| von Stefan Grundhoff

Zum Jahreswechsel kommt der Nachfolger. Und der ist im Gegensatz zum ersten Opel Mokka, der im Laufe seiner Produktionszeit den Zusatz Mokka X bekam, kein GM-Geschöpf mehr, sondern auf einer PSA-Plattform unterwegs. Das kostet ihn den von vielen geschätzten Allradantrieb, denn aus Kostengründen verzichtet PSA bei seinen Modellen nach wie vor auf einen echten Allradantrieb und bietet ausschließlich bei Plug-in-Hybriden und später den Elektroautos auf Wunsch eine elektrische Hinterachse an. Im Normalfall wird der Opel Corsa ebenso wie der Grandland X oder der kommende Mokka daher nur über die Vorderachse angetrieben. Die Technik des Opel Mokka, der aktuell in die finale Phase seiner Erprobungen eintaucht, stammt dabei vom DS3 Crossback, der seit vergangenem Jahr als Verbrenner und mit Elektroantrieb angeboten wird. "Wir bei Opel freuen uns alle riesig darauf, den neuen Mokka in Kundenhand auf der Straße zu sehen. Die Testfahrten laufen wie am Schnürchen, auch da unser Neuer mit seinem niedrigen Gewicht und seinen kompakten Außenmaßen sehr gut abzustimmen ist. Handling und Komfort sind super. Mokka-Fahren ist die pure Freude. So macht die Entwicklungsarbeit Spaß", sagt Opel-Ingenieur Karsten Bohle.
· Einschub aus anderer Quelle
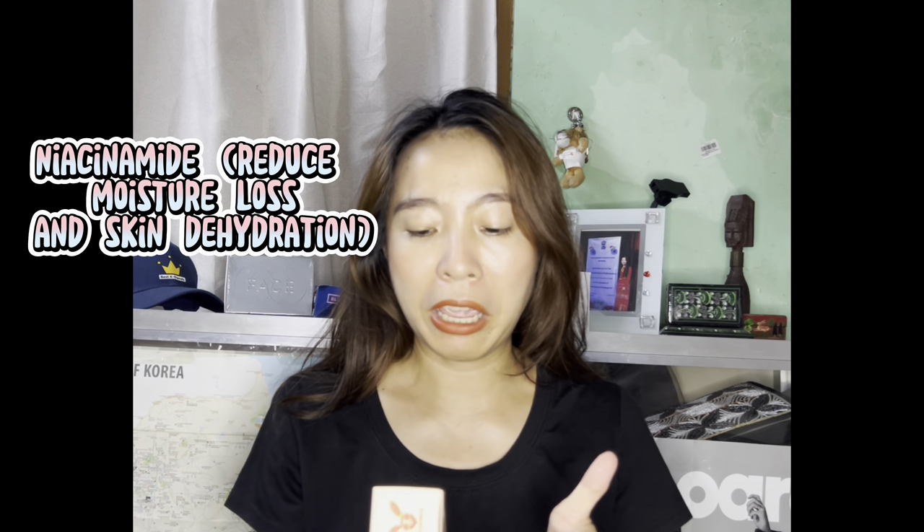We should not use this around our eyes. The ingredients include niacinamide, which is really good. Anti-aging properties are also there, and it helps with skin whitening and relieving wrinkles. The ingredients are good overall. I hope it will tighten my skin. I hope you guys like this video, and if you're looking for a serum, I recommend this one.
Was das Design angeht, wird es weder innen noch außen Anlehnungen an den DS3 Crossback geben, denn der Opel Mokka setzt die Designlinie des neuen Corsa konsequent und somit deutlich technischer und gradliniger als beim französischen DS3 Crossback fort. Einige optische Details werden von der elektrischen Studie des GT X Experimental stammen. Bei der Technik sind Opel Mokka und DS3 Crossback sehr ähnlich unterwegs und basieren beide auf der Multi-Energy-Plattform CMP (Common Modular Platform) des PSA Konzerns. Die 1,5 Tonnen schwere Elektroversion des Opel Mokka wird von einem 100 kW / 136 PS starken Elektromotor mit 260 Nm maximalem Drehmoment angetrieben, dessen 50-kWh-Akku eine Reichweite von über 300 Kilometern garantieren soll. Im Unterschied zum elektrischen DS3 Crossback dürfte die Höchstgeschwindigkeit des Opel Mokka jedoch kaum bei 150 km/h abgeriegelt sein, denn dann wird es auf deutschen Autobahnen und auch bei den Kunden schwierig. An einer 11-kW-Wallbox lässt sich der deutsche Franzose in fünf Stunden wieder aufladen und an einer 100-kW-Ladestation erstarkt das Lithium-Ionen-Akkupaket in einer halben Stunde auf 80 Prozent.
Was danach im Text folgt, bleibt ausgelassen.